When it comes to invocation and execution:

  • The call() method invokes the function immediately with the specific individual arguments and the specified this value, and it accepts argument one by one.
  • The apply() method just like the call() method invokes the function instantly, but with difference being that it accepts arguments as an array or array like object.
  • The bind() method creates a new function with an optional arguments and a specified this value. It doesn’timmediatley invoke the function, as it bound the functuion for a later execution.

Why Use the call(), apply(), and bind() Methods in Javascript?

The call(), apply(), and bind() methods deal extensively with how to control the context of a function ( this keyword) and arguments when it’s called.

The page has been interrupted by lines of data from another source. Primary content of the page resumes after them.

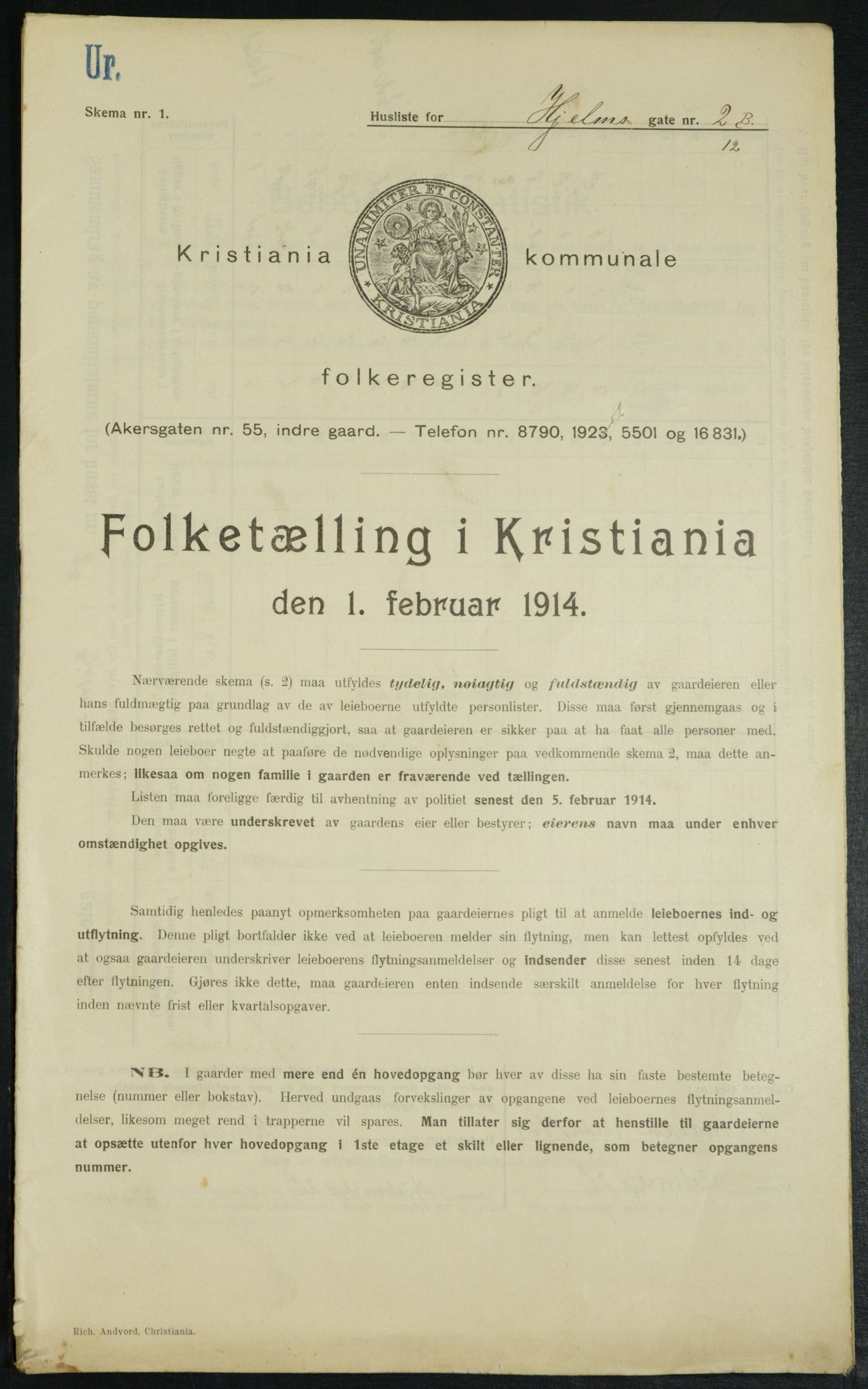 OBA, Kommunal folketelling 1.2.1914 for Kristiania, 1914, s. 40194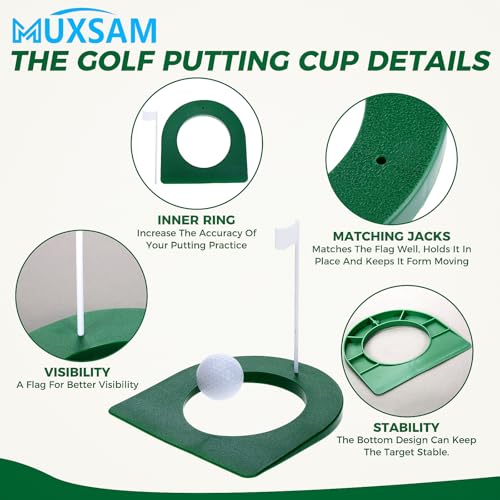 Golf Putting Cup with Flag 2Pcs Set - Indoor & Outdoor Practice Holes for Kids & Adults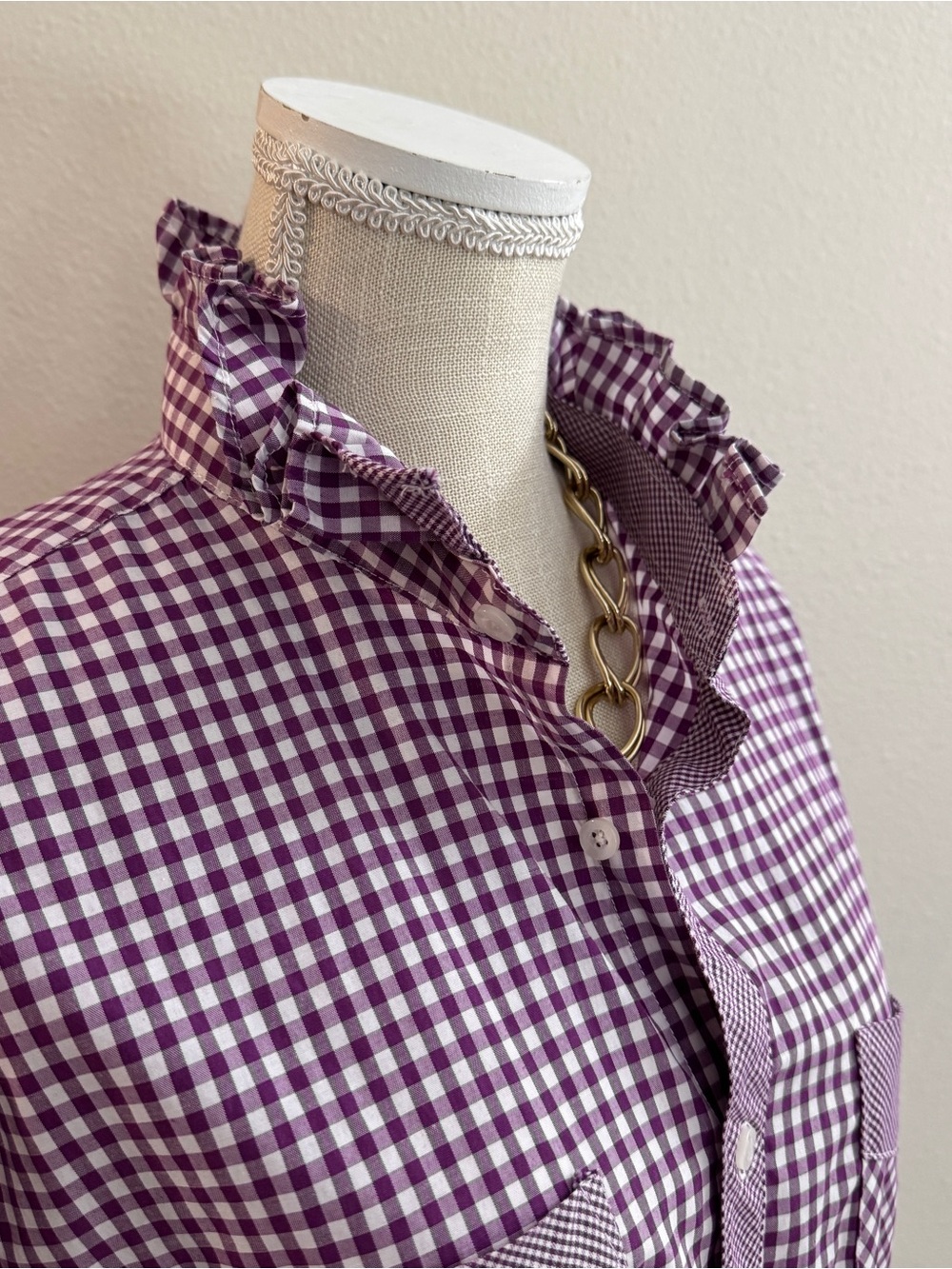 Upcycled Purple Gingham Ruffle-Collar Shirt - Picture 3 of 7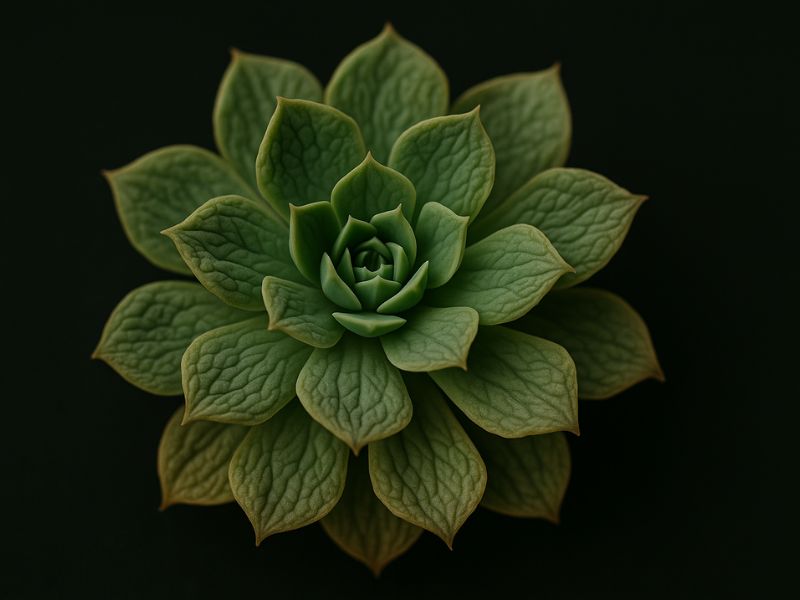 Folhas de suculenta visivelmente enrugadas e murchas, indicando claramente a sede da suculenta e a necessidade de rega.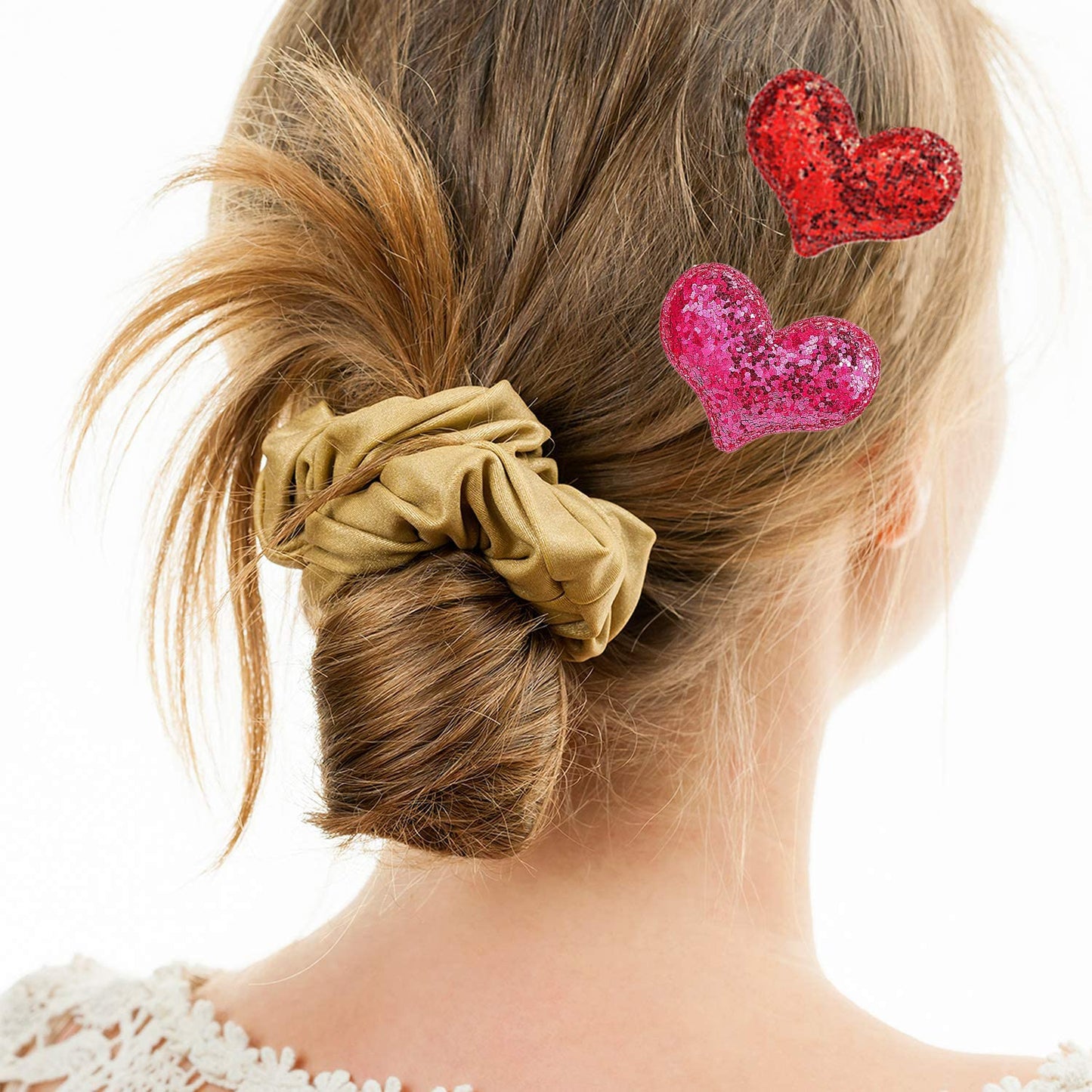 24 Pieces Valentine's Day Heart Hair Clips Heart Glitter Sequin Heart Hairpins for Girls Birthday Party Wedding Themed Party Hair Accessories Beauty & Personal Care Yssreey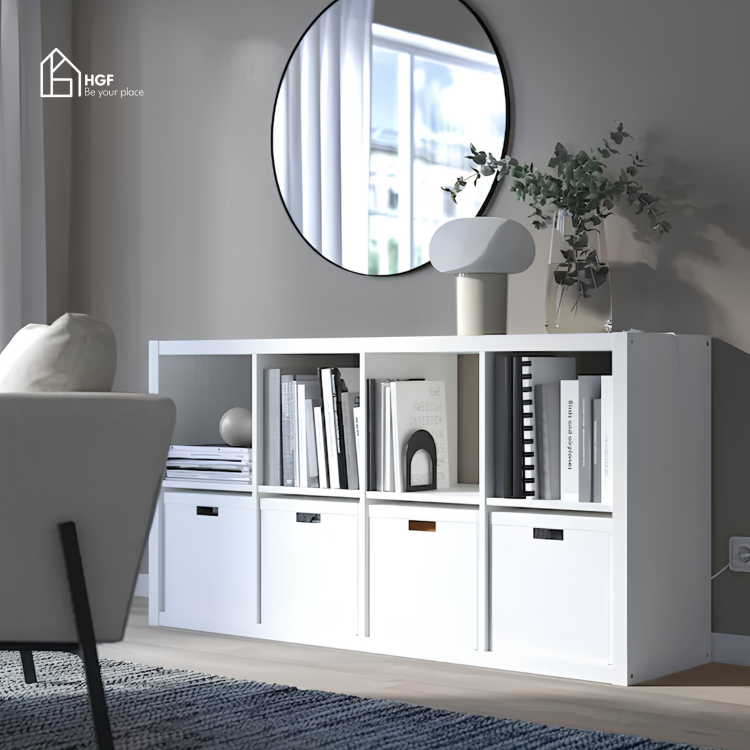 Kệ sách BETH HGF 8 ngăn, gỗ MDF, 75x30x144cm, KS007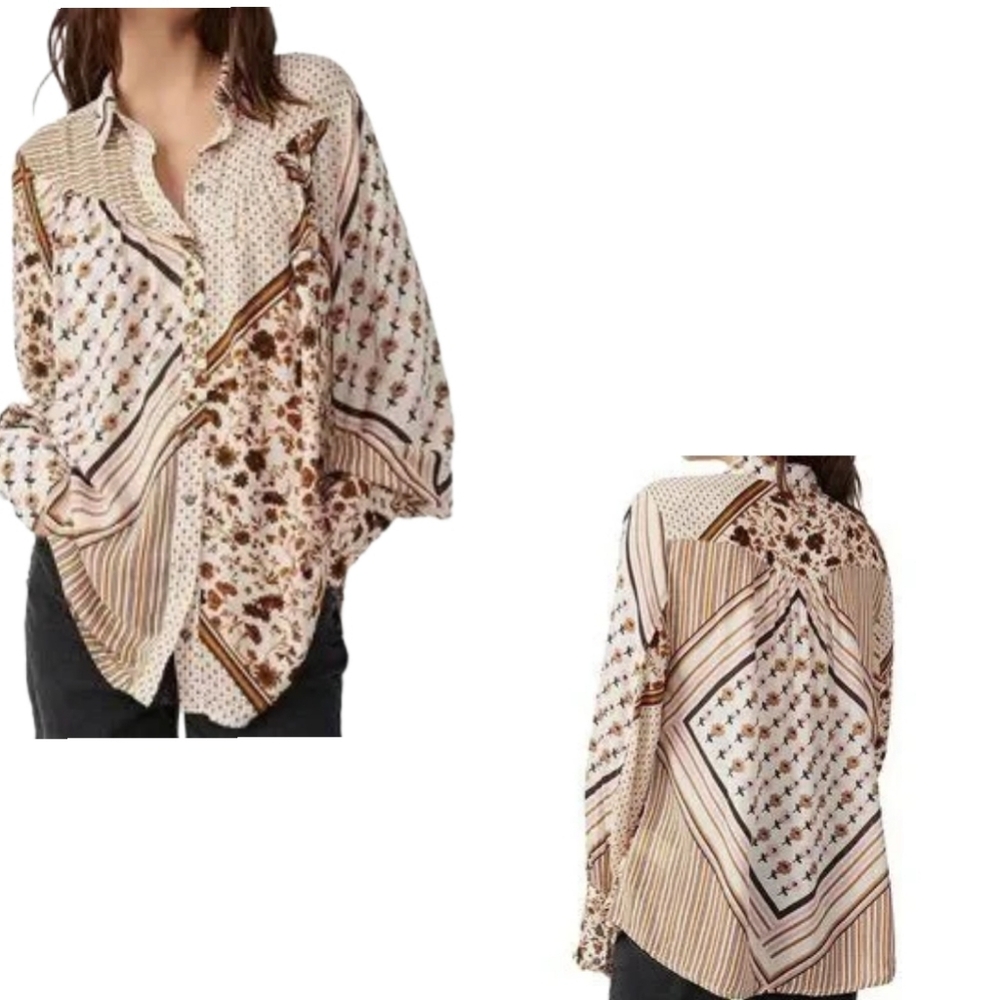 Free People Hazel Patchwork Button Down Blouse, Xl - image 1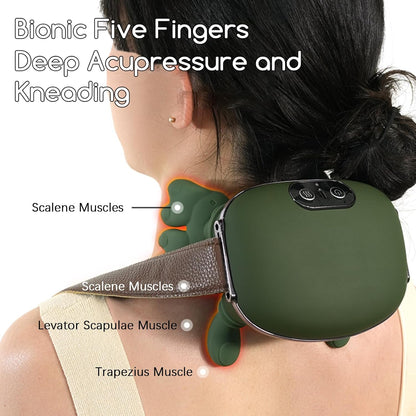 Upgraded Neck and Shoulder Massager,Professional Shiatsu Neck Massager,Portable Deep Tissue 4D Kneading with Heat,Intelligent Simulated Human Hand Design for Pain Relief and Muscle (Green)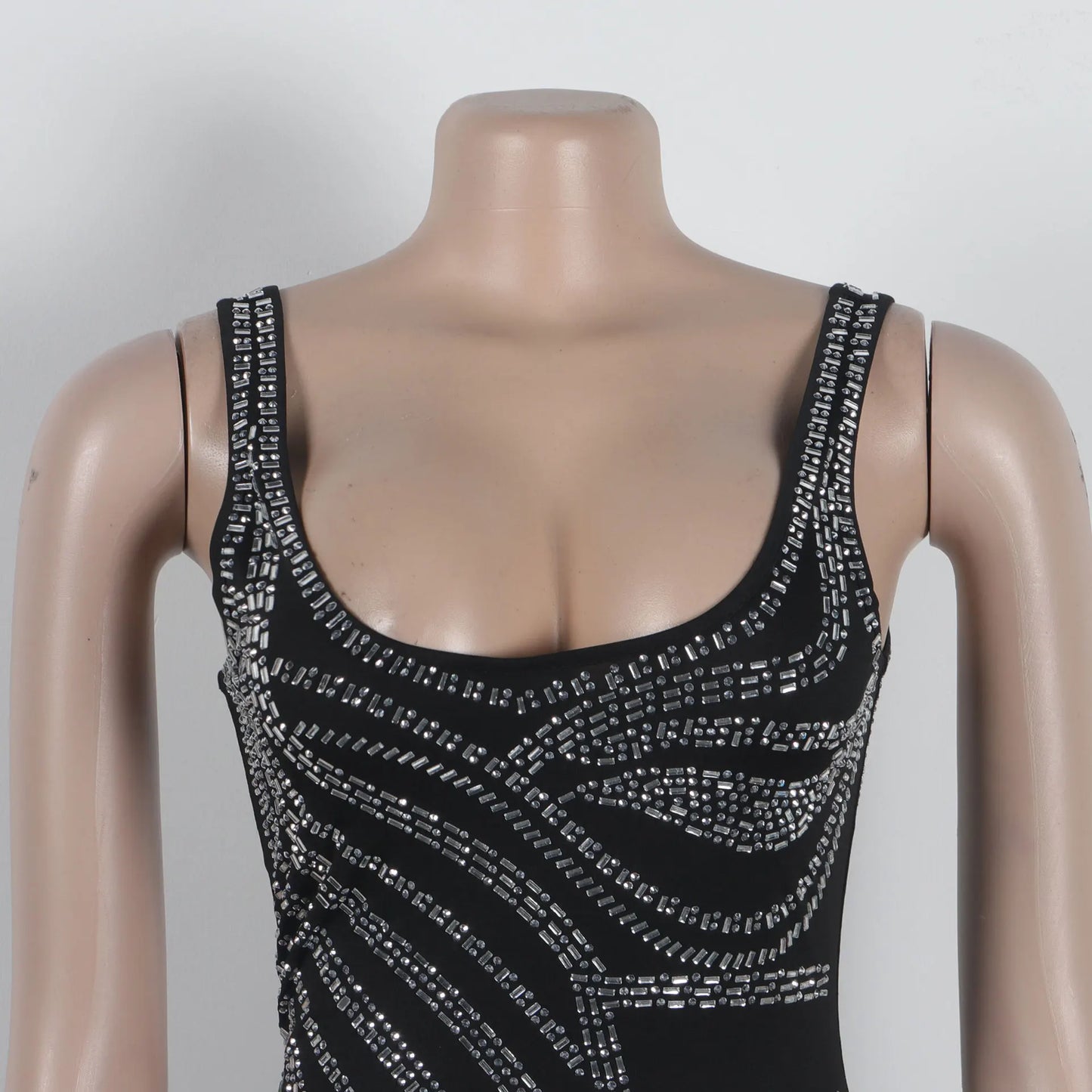 Elegant Rhinestone V-neck Floor Length Evening Dress for Women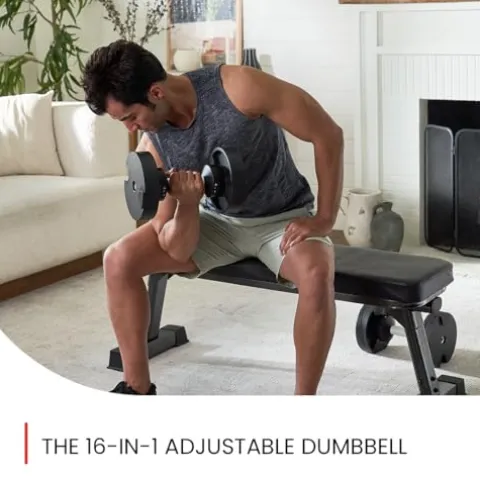 FF Finer Form NÜOBELL Adjustable Dumbbell Pair 5-80 lbs Black and Silver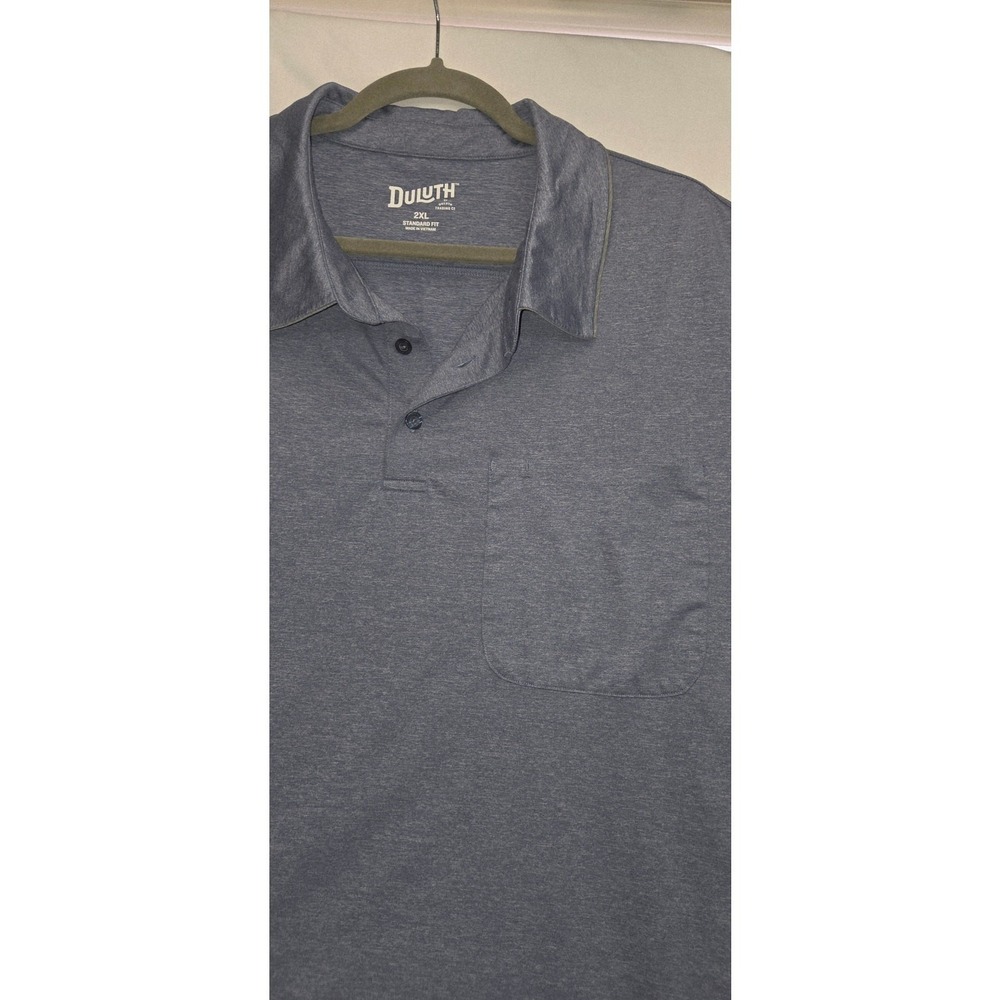 Duluth Trading Co Mens 2XL Blue Performance Polo Shirt SS Pocket Gorpcore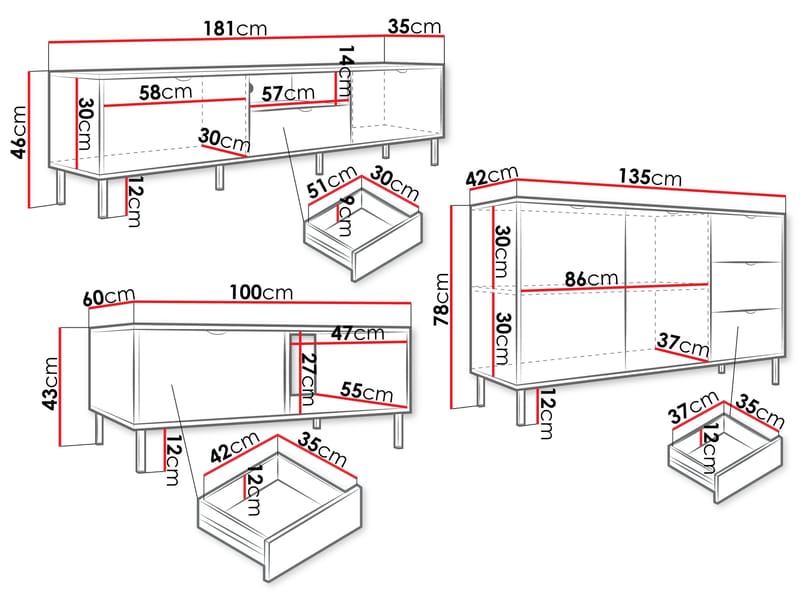 Salmor Møbelsett for stue - Hvit - Møbler - Møbelsett - Møbelsett til stue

There are several benefits attached to using these methods in JavaScript:

  • Change the value of the this keyword: The this keyword refers to the object that calls a certain function. With the help of these methods, you can explicitly set the value of this keyword to something else.
  • Event Handling: Both the call() and apply() methods can ensure that the handler is executed with the correct context and arguments, even if its definition space is different from the invocation space.
  • Flexible arguments: These methods take arguments in a different way. The call() method takes an individual argument, the apply() method takes an argument as an array, and the bind() method allows for pre-setting some arguments for later use.
  • Partial function: The bind() method creates a new function made up of a preset context and optional initial arguments. This is very useful for partial applications, where certain arguments are fixed ahead of time, with others to be provided at a later stage.
  • Borrowing Functions: These methods use a function from a new object to another set of object entirely.

In a nutshell, they give you enough breathing space over how functions are executed in JavaScript.

Conclusion

In this tutorial, you learned about how to implicitly (based on context) and explicitly (by using the call(), apply(), and bind() methods) determine the value of this keyword.